De militaire staatsuitgaven vormden de bron van hoge winsten. Om te vermijden dat die bron plots zou opdrogen had men na de overwinning op Duitsland en Japan dringend nieuwe vijanden en nieuwe oorlogsdreigingen nodig. Gelukkig was er de Sovjetunie, gedurende de oorlog een bijzonder nuttige partner die in het meedogenloos conflict tegen de Nazi's de kastanjes uit het vuur had mogen halen, maar die omwille van zijn communistisch ideeëngoed gemakkelijk kon worden omgetoverd in de nieuwe boeman van Amerika. De meeste Amerikaanse historici geven nu toe dat de Sovjetunie in 1945 helemaal geen ernstige bedreiging vormde voor het economisch en militair veel sterkere Amerika, en dat de Sovjets ook na 1945 met Washington wilden blijven samenwerken. Immers, bij een conflict met supermacht Amerika -- boordevol vertrouwen dank zij het gloednieuwe atoompistool dat ostentatief in zijn holster stak -- had Moskou niets te winnen maar wel heel veel te verliezen. Het Amerika van de superrijken had echter dringend een nieuwe vijand nodig om de reusachtige uitgaven voor "landsverdediging" te rechtvaardigen en zo hun winstmarges nog te verhogen. Het is om die reden dat in 1945 de Koude Oorlog ontketend werd, niet door de Sovjets maar door het Amerikaanse "militair-industrieel" complex, zoals President Eisenhower het later zou noemen. In dit opzicht overtrof de Koude Oorlog de stoutste verwachtingen. Er mocht steeds meer martiaal tuig geproduceerd worden, want ook de bondgenoten binnen de zogenaamde "vrije wereld" -- waartoe ook heel wat vieze dictaturen behoorden -- moesten tot de tanden bewapend worden. En bovendien verlangde het Amerikaanse leger naar nieuwere en betere tanks, vliegtuigen en raketten. Zonder moeilijke vragen te stellen betaalde het Pentagon voor al die spullen grof geld. Net zoals ten tijde van de Tweede Wereldoorlog waren het vooral de grote bedrijven die de wapens mochten leveren. De reusachtige winsten die de Koude Oorlog voortbracht kwamen dus ten goede aan de Amerikaanse superrijken die de eigenaars en/of managers van die ondernemingen waren en dat nog steeds zijn.
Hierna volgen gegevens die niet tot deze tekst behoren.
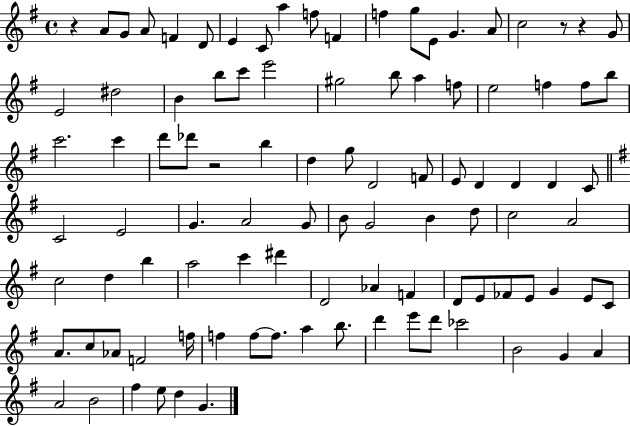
X:1
T:Untitled
M:4/4
L:1/4
K:G
z A/2 G/2 A/2 F D/2 E C/2 a f/2 F f g/2 E/2 G A/2 c2 z/2 z G/2 E2 ^d2 B b/2 c'/2 e'2 ^g2 b/2 a f/2 e2 f f/2 b/2 c'2 c' d'/2 _d'/2 z2 b d g/2 D2 F/2 E/2 D D D C/2 C2 E2 G A2 G/2 B/2 G2 B d/2 c2 A2 c2 d b a2 c' ^d' D2 _A F D/2 E/2 _F/2 E/2 G E/2 C/2 A/2 c/2 _A/2 F2 f/4 f f/2 f/2 a b/2 d' e'/2 d'/2 _c'2 B2 G A A2 B2 ^f e/2 d G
Ook gedurende de Koude Oorlog financierde de Amerikaanse staat de steeds hogere militaire uitgaven vooral door middel van leningen, en zo steeg de staatsschuld tot duizelingwekkende hoogtes. In 1945 bedroeg die "slechts" 258 miljard dollar, maar in 1990 -- toen de Koude Oorlog eindigde -- niet minder dan 3,2 triljoen dollar! Een reusachtige verhoging was dat, ook wanneer men rekening houdt met de inflatie over dezelfde periode. Zo degradeerde de VS, het rijkste land ter wereld, tot de allergrootste schuldenaar ter wereld. (Terloops gezegd, in juli 2002 bedroeg de Amerikaanse staatsschuld 6,1 triljoen dollar.) Eigenlijk had Washington die schuld kunnen en moeten delgen door belastingen te heffen op de reusachtige winsten die geboekt werden door de ondernemingen die bij de bewapening betrokken waren, maar daarvan is nooit sprake geweest. In 1945, toen de Tweede Wereldoorlog eindigde en de Koude Oorlog begon, betaalden de grote ondernemingen nog 50% van alle belastingen; gedurende de Koude Oorlog kromp dit aandeel consequent, en nu bedraagt het nog slechts 1%. Dit was uiteraard mogelijk omdat de grote ondernemingen van Amerika grotendeels de politiek bepalen die door de regering in Washington gevoerd werd en wordt, ook de belastingspolitiek. Een andere belangrijke factor was het feit dat de corporations van Amerika na de Tweede Wereldoorlog multinationals werden die "overal en dus nergens thuis zijn", zoals een Amerikaanse auteur heeft gezegd i.v.m. ITT, en dus gemakkelijk kunnen ontsnappen aan het betalen van belastingen waar dan ook. In de VS, het land waar de grootste winsten verwezenlijkt worden, betaalden 37% van alle Amerikaanse multinationals -- en meer dan 70% van alle buitenlandse multinationals -- in 1991 geen enkele dollar belastingen, terwijl de rest minder dan 1% van hun winsten aan de fiscus afdokte!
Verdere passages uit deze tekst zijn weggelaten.